Bref, il y a un vrai défi qui se joue là, qui impliquerait de reprendre ce que l’on appelait autrefois l’aménagement du territoire. Mais au-delà des enjeux économiques, il y a finalement une question plus générale qui est posée : que faut-il préserver ? Doit-on accorder de l’importance au maintien d’un certain cadre de vie, d’un certain environnement urbain, d’un certain type de relations sociales ? On peut évidemment avoir différents points de vue sur ce sujet, mais encore faudrait-il que la question soit déjà posée.

Concrètement qu'est-ce qu'il se passe dans ces petites villes ? Comment se traduit les mutations de ces villes et qu'ont-elles provoqué chez cette catégorie de la population ?

Laurent Chalard : Ces petites villes situées en-dehors de la zone d’influence d’une grande métropole connaissent un bouleversement de leur profil socio-démographique du fait de migrations différenciées selon les catégories sociales et les classes d’âge.

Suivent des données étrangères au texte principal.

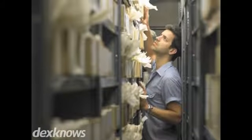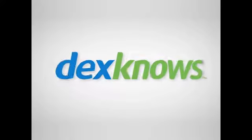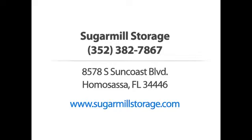Give us a try and discover all that we have to offer. Sugar Mill Storage — call us or visit our website now.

Traditionnellement, la petite ville se caractérisait par l’importance de ses notables locaux (professions libérales, grands propriétaires terriens, fonctionnaires, capitaines d’industrie…) dominant des catégories populaires. Aujourd’hui, la situation évolue, dans le sens où la petite bourgeoisie locale a tendance à y disparaître, du fait d’une migration massive de ses enfants vers les grandes métropoles pour les études, qui ne se traduit pas par un retour au pays une fois l’entrée dans la vie active. La petite ville est perçue comme répulsive, ne présentant pas d’opportunités d’emploi et surtout ne permettant pas de vivre avec ses "pairs".

A contrario, pour les catégories populaires, les départs sont moins importants et concernent, en priorité, les jeunes en voie d’ascension sociale, c’est à dire ceux poursuivant des études supérieures, qui suivent le même modèle que les enfants de la petite bourgeoisie. En conséquence, au fur-et-à-mesure du temps se constate une paupérisation de la population locale, les catégories populaires occupant une place de plus en plus importante alors que l’emploi local s’amenuise. Il se produit donc un processus de paupérisation sur place, pouvant parfois s’apparenter à une assignation à résidence, même s’il faut garder en tête qu’il n’y a pas toujours volonté de partir, mais de "travailler et vivre au pays".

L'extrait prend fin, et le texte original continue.